The report, released this week as Australian superannuation fund leaders are in the U.S. for a summit presented by the government of Australia in partnership with the Macquarie Group, providing a platform for super funds to seek out global investment opportunities. Leaders and institutional investors will travel to San Francisco, Washington and New York.
“The U.S., like most developed nations, faces a clear challenge—infrastructure needs are growing faster than the public funding needed to support them. U.S. and Australian pension funds can be part of the solution,” said David Whiteley, IFM Investors’ head of global external relations, in a statement. “Australia is home to one of the world’s fastest-growing pension capital systems.”

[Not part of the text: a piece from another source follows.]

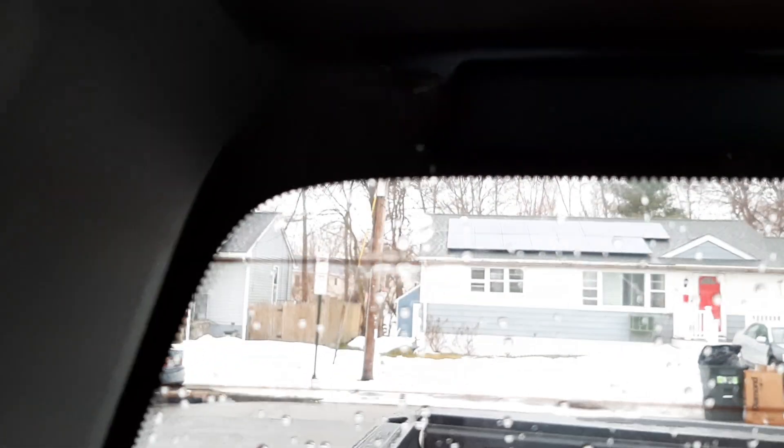Here is the window leak from the back of my Silverado, just in case nobody could replicate it. It is dripping inside and staining right there.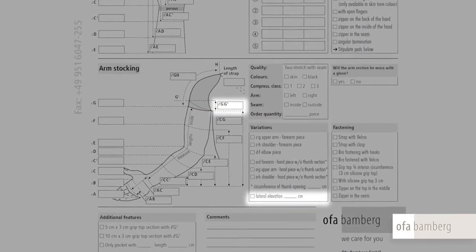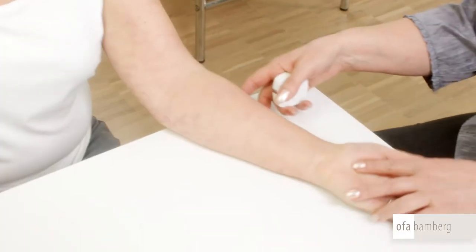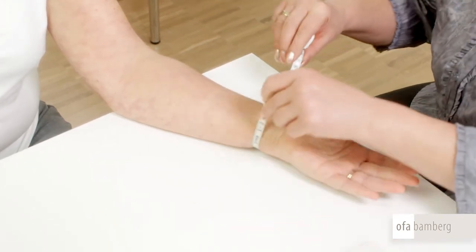The length to point GG1 is only determined if the arm stocking is to have a lateral elevation. If the other arm requires a stocking, begin the same measuring procedure for that arm.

The U.S. faces an infrastructure funding gap of $3.7 trillion through 2033, according to an estimate from the American Society of Civil Engineers.

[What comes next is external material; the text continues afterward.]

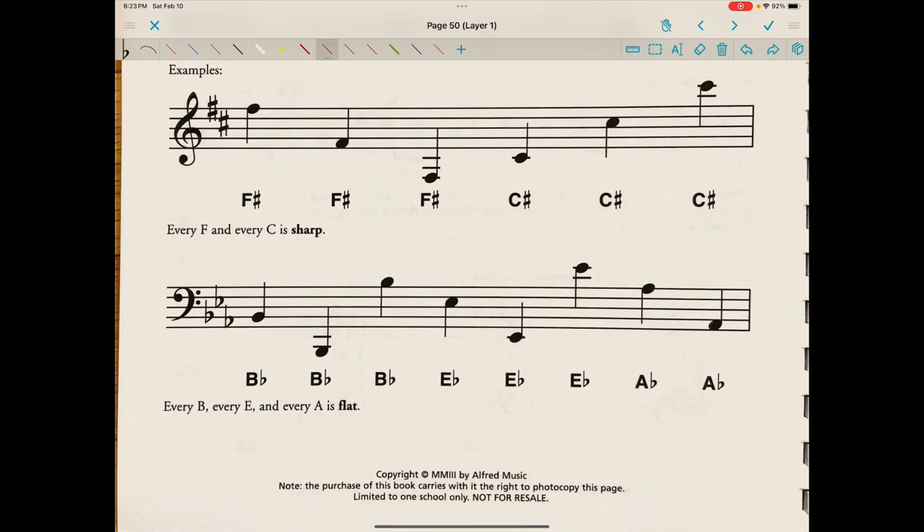Looking at some examples — because we have an F-sharp and a C-sharp in our key signature, which comes right after the clef, every F and every C is sharp. So even though this looks like just an F, because there's a key signature it's actually an F-sharp. This doesn't have a sharp directly in front of the note, but because of the key signature this is an F-sharp, this would be another F-sharp, this would be a C-sharp, another C-sharp, and another C-sharp. Every F and every C is sharp.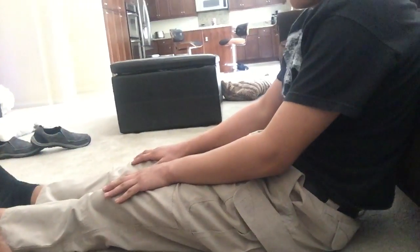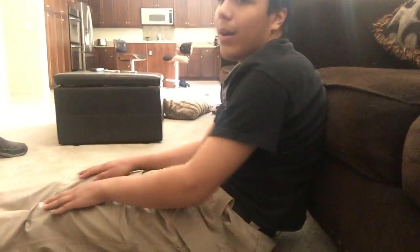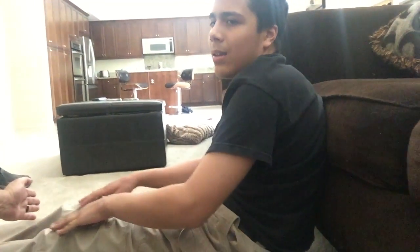Knees flat, hands together, slow, and stretch. 1, 2, 3, 4, keep reaching, 5, 6, 7, 8, 9, touch my hands, touch my hands, 10, good job.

“There is a generational opportunity for U.S. state and local governments to partner with investors of Australian and American pension capital—including through shared ownership and governance arrangements—to build the infrastructure that Americans will rely on into the future,” Whiteley’s statement continued.
Australian super funds have already invested $29 billion in infrastructure across the U.S., with total infrastructure equity investment projected to reach almost $67 billion by 2035.
IFM Investors, a global investor owned by 15 Australian pension funds and U.K. pension fund Nest [National Employment Savings Trust], suggested U.S. states should partner with investors of pension capital for asset recycling.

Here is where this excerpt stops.